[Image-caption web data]
————————
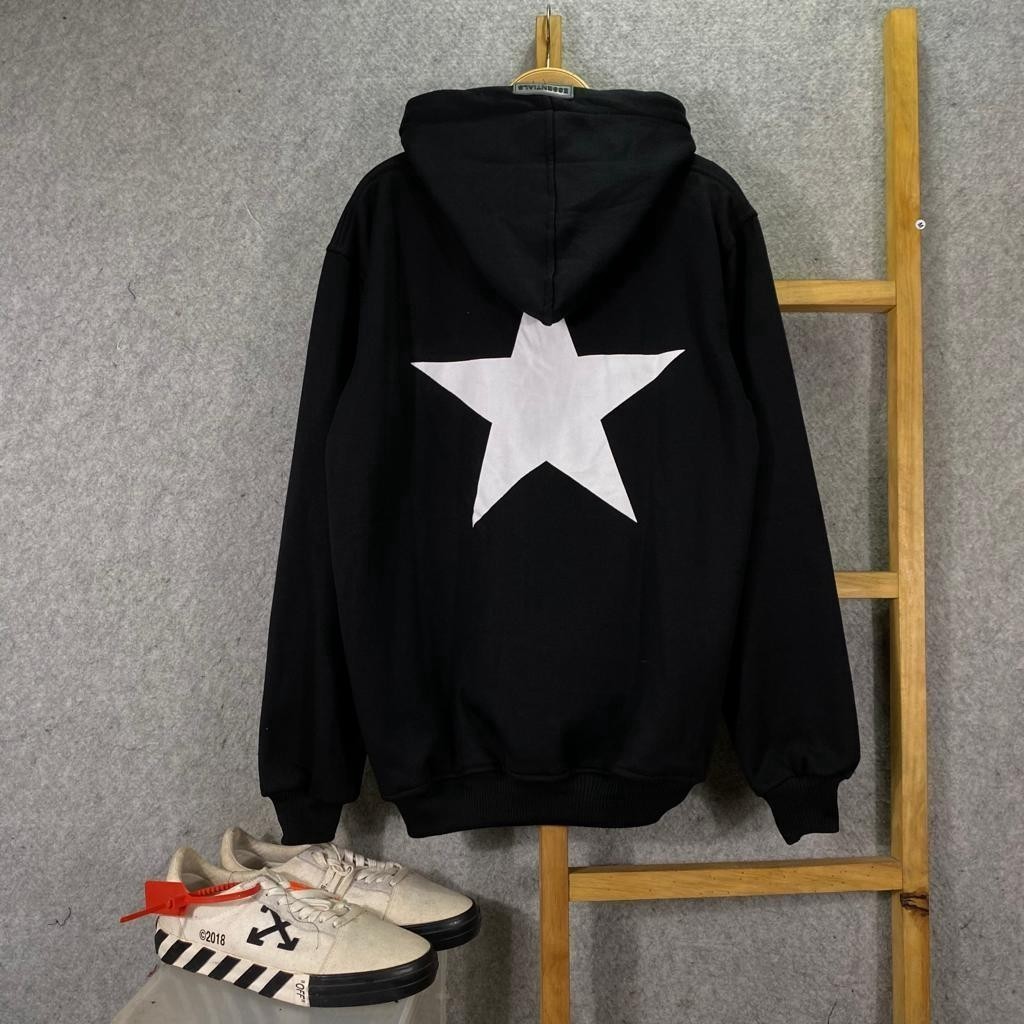 SWEATER HOODIE ESSENTIALS FOG FEAR OF GOD BIG BACK STAR BLACK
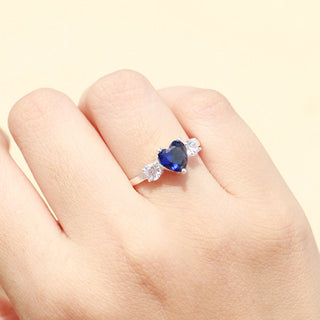 Anillo Promesa Zafiro Blue Plata 925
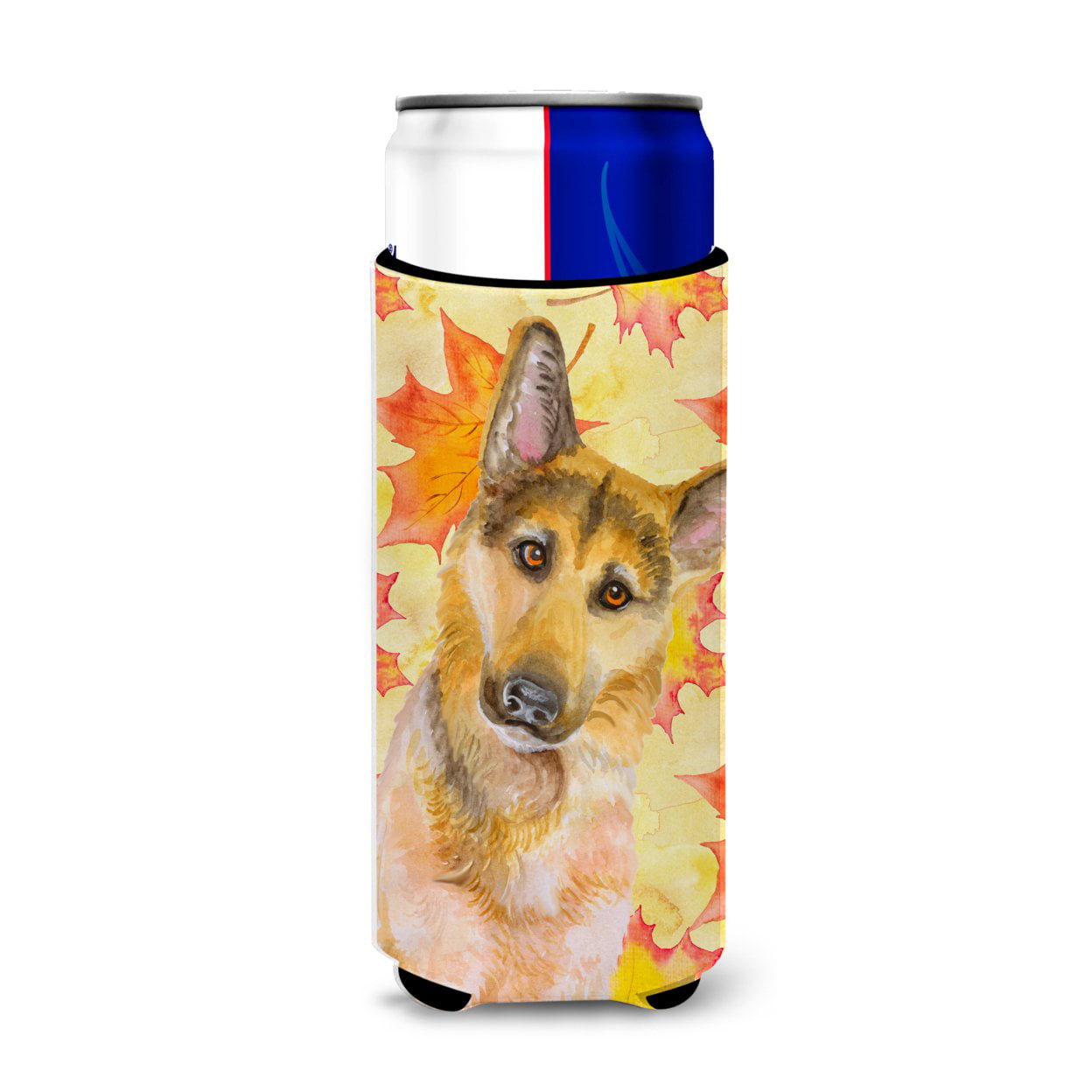 German Shepherd No. 2 Fall Michelob Ultra Hugger for Slim Cans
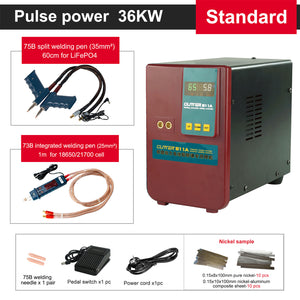 811A 36KW Industrial Smart Spot Welding Machine with S-75B (35mm^2) + S-73B (25mm^2) Welding Pen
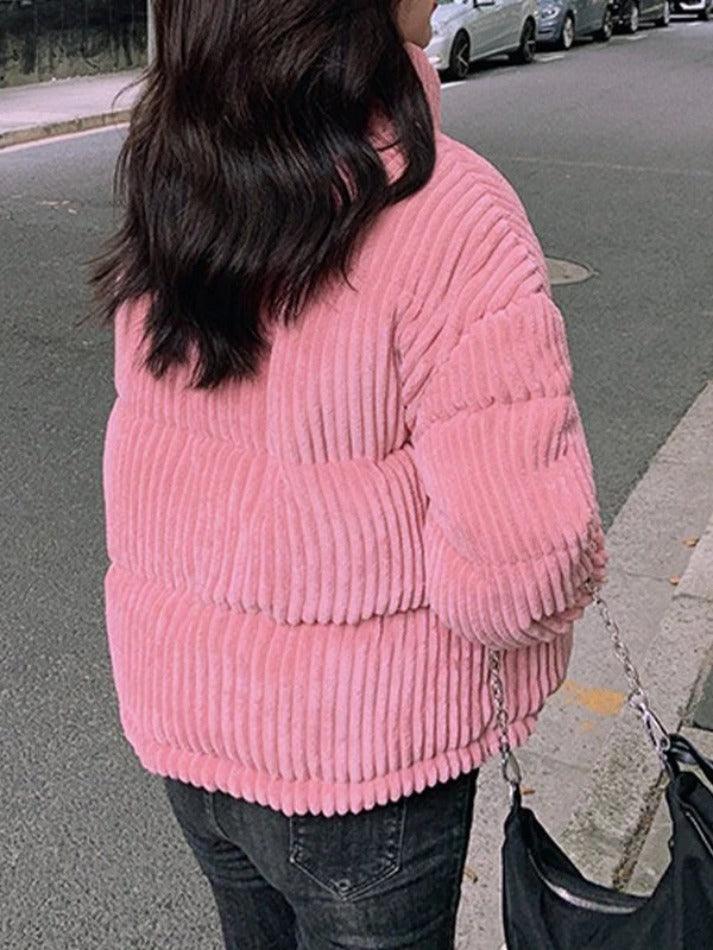 Style Core Aesthetics, New Style Trends - Vintage Zip Up Corduroy Padded Jacket Style Core Aesthetics, New Style Trends - Vintage Zip Up Corduroy Padded Jacket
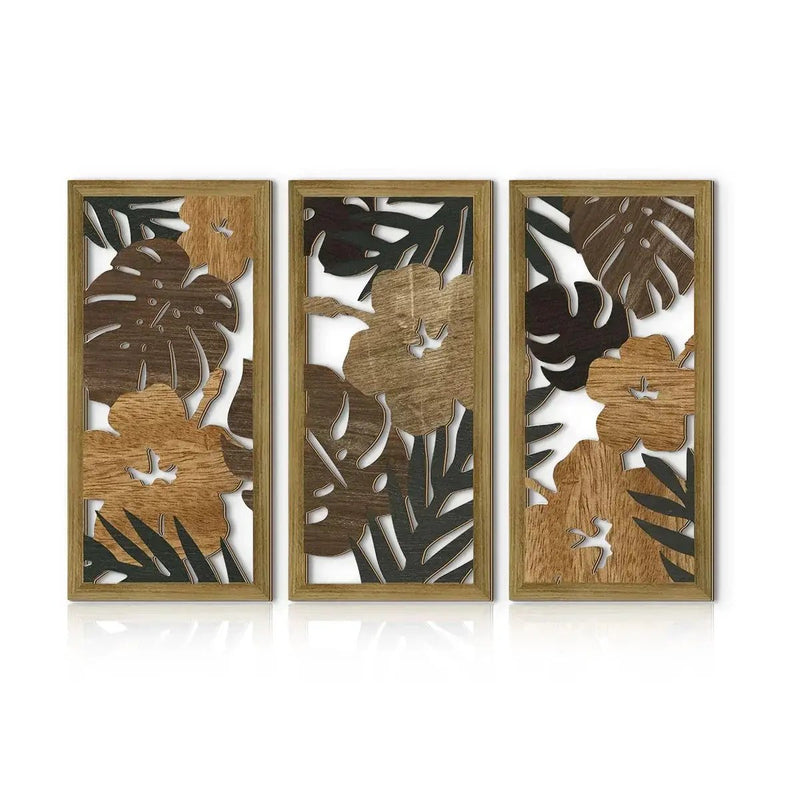 Wall Pediment - Nordic Wood Tropical by House Of Avana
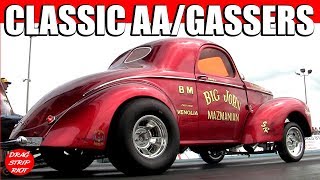 Ohio Outlaw AA Gassers Nostalgia Drag Racing [upl. by Annotahs]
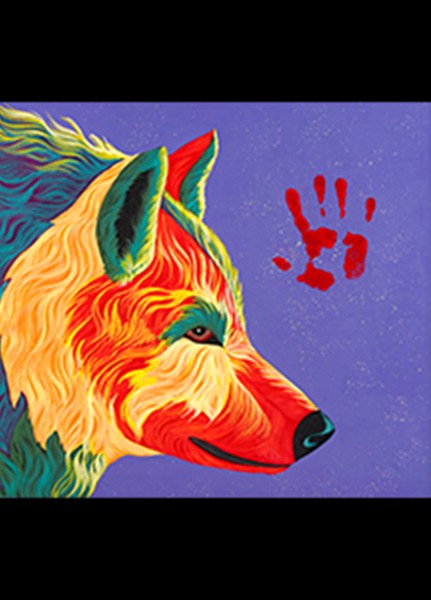 Traci Rabbit Art Tile 4.25"x4.25" - Wolf Clan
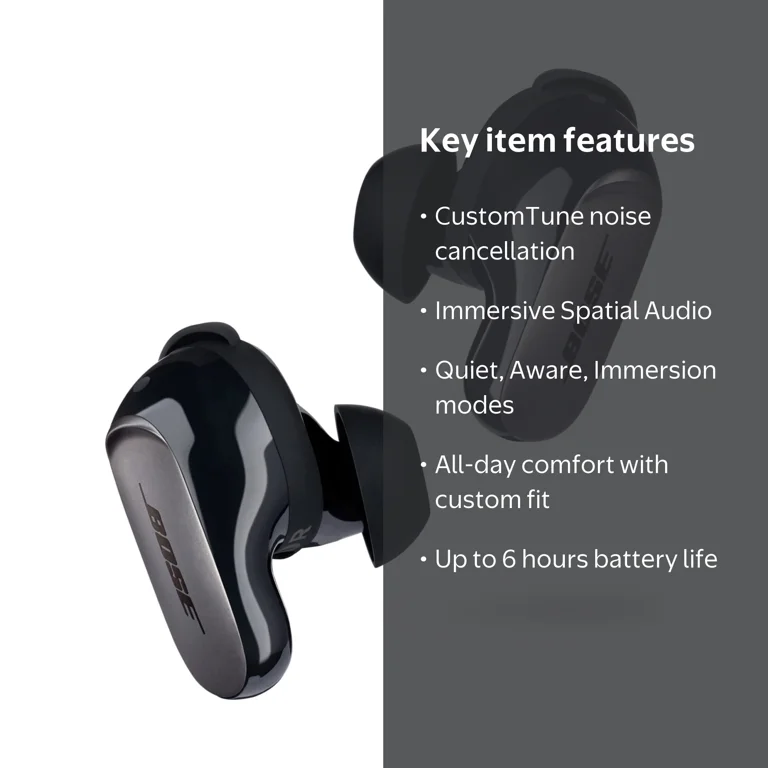 Free Shipping! Bose QuietComfort Ultra Wireless Earbuds Noise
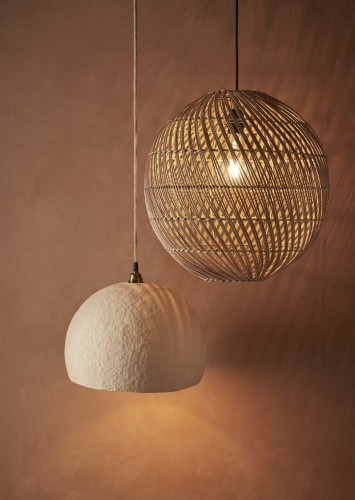lampa sufitowa rattan cloud madam stoltz
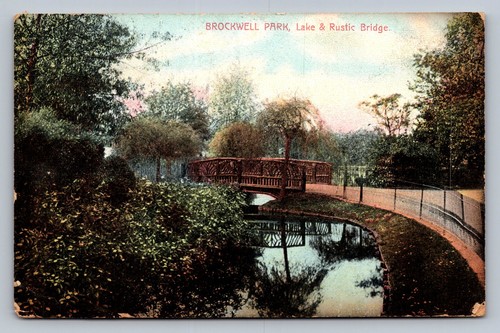 Postcard london brockwell - -,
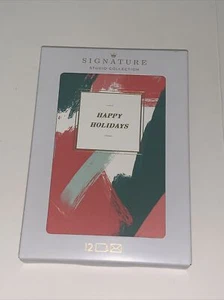 Hallmark Signature Christmas Boxed Card: Happy Holidays Happier New Year Gold 12 - Picture 1 of 11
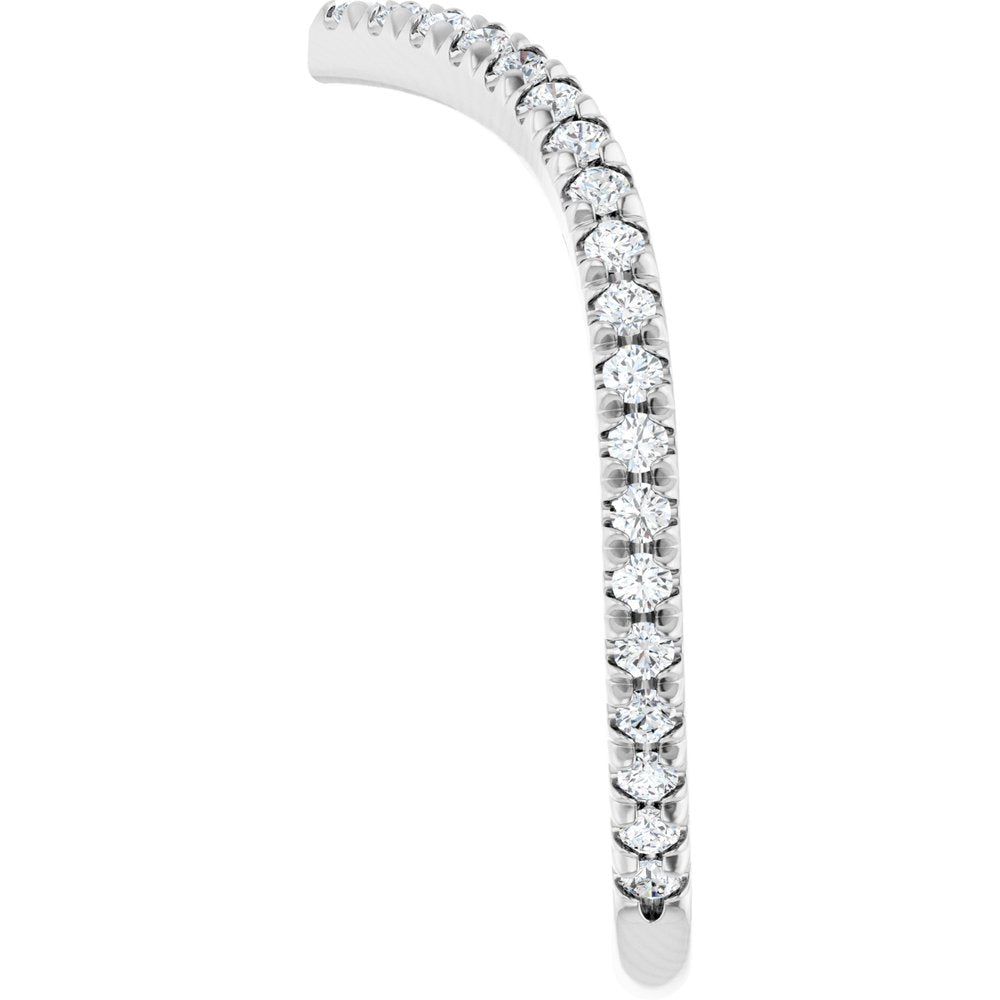 14K White Gold 1/3 CTW Lab-Grown Diamond Contour Band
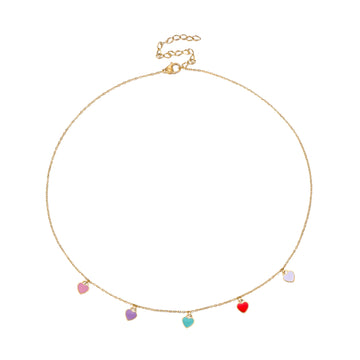 Rainbow Heart Anklet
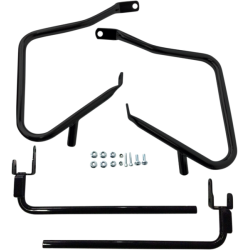 PartzBiz HD DS35011242 - Drag Black Saddlebags Guards Support Kit OE Repl 90200787 Harley Touring 14-Up
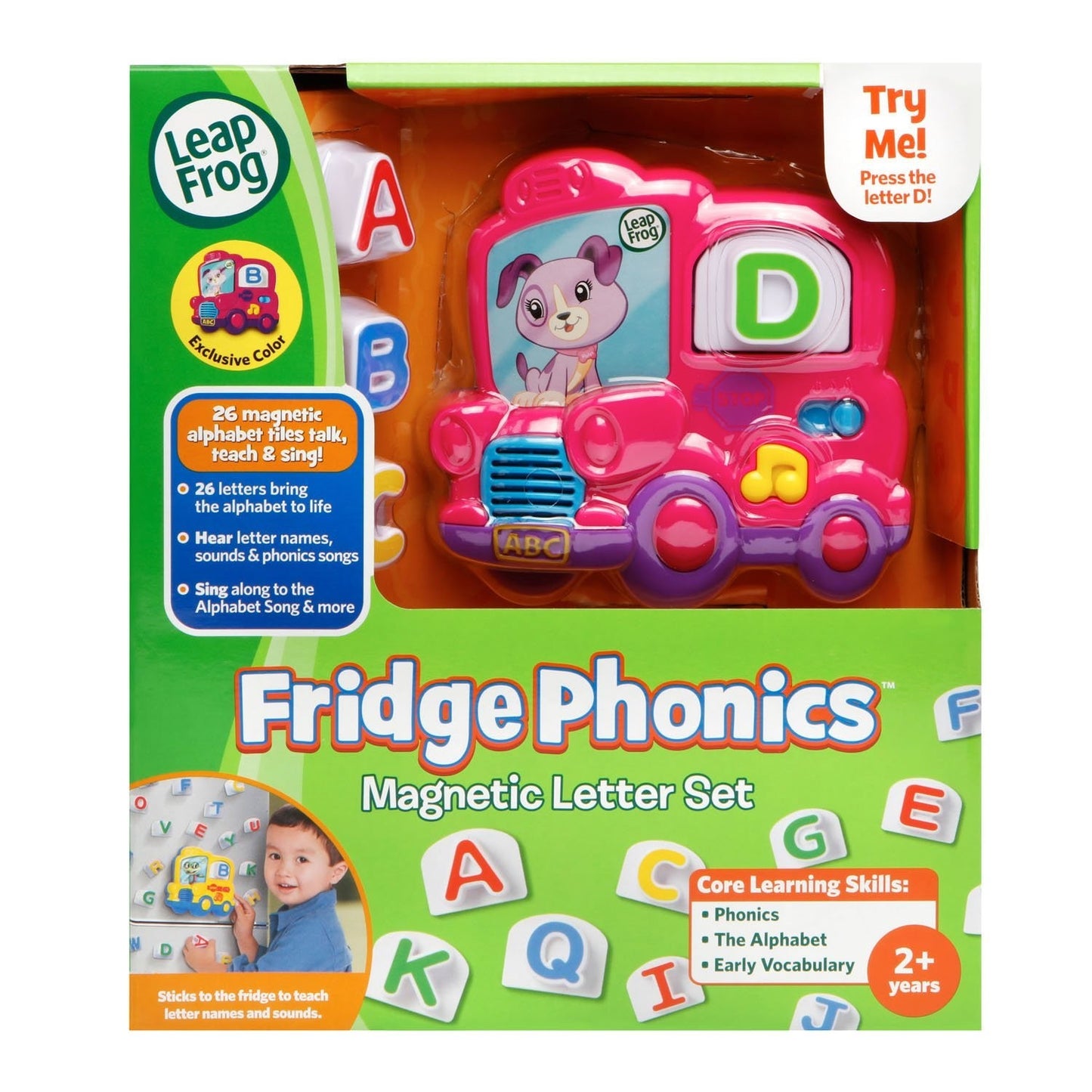 Magnetic Letter Set for Kids   Fridge Phonics Educational Toy, Pink Letters6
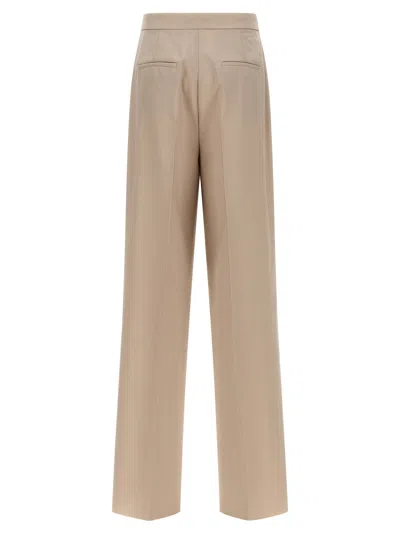 Max Mara Mxmgirone Tailored Trousers Belt Loops Pockets In Neutral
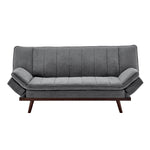 Grey Velvet 3 Seater Sofa Bed - Mondaine - Bargainia.com - 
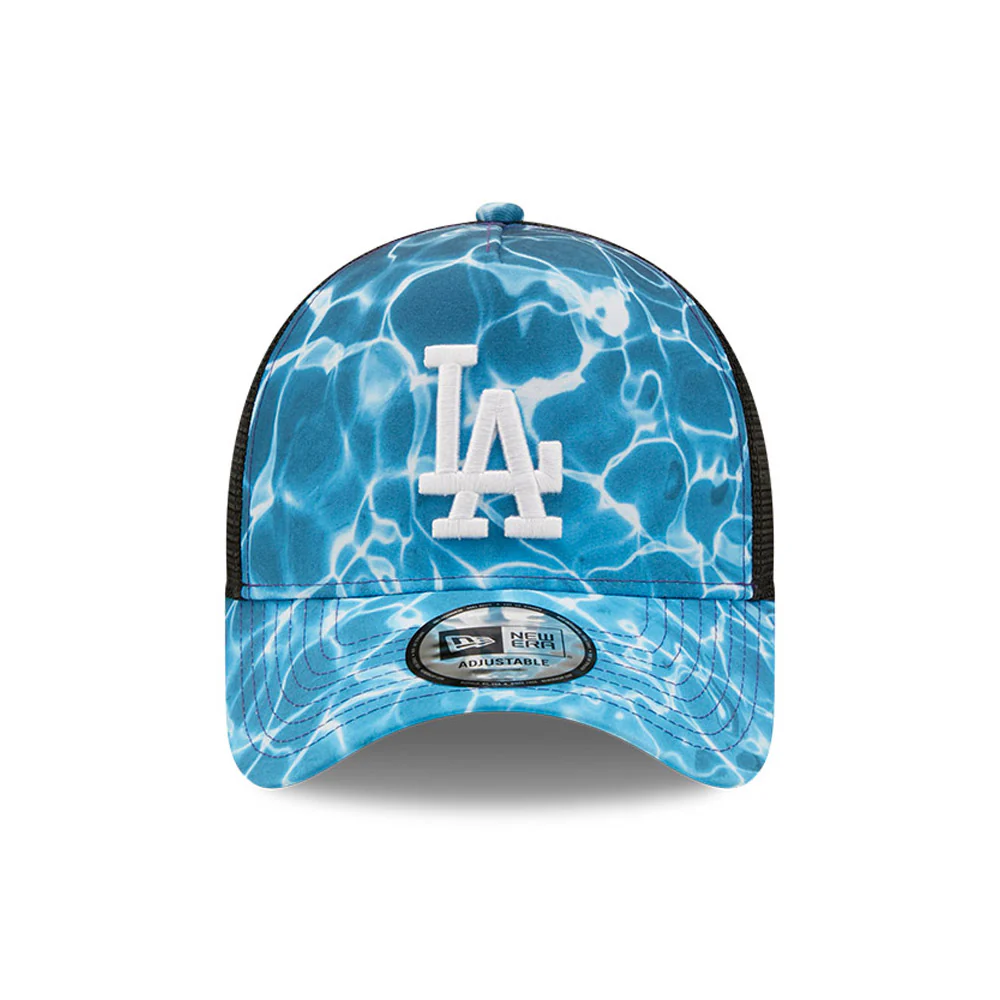 New Era 9FORTY A-Frame L.A. Dodgers Trucker Cap - MLB Summer City - Blau-Schwarz - Image 2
————————
▶ **Exercise details**
Please copy the lines above exactly, starting at the line that holds "Wall Pediment - Nordic" and ending at the line that holds "lampa sufitowa rattan cloud madam stoltz"; include both, but no pictures.

▶ **Exercise result**
 Wall Pediment - Nordic Wood Tropical by House Of Avana
 Ohio Outlaw AA Gassers Nostalgia Drag Racing [upl. by Annotahs]
 Traci Rabbit Art Tile 4.25"x4.25" - Wolf Clan
 Free Shipping! Bose QuietComfort Ultra Wireless Earbuds Noise
lampa sufitowa rattan cloud madam stoltz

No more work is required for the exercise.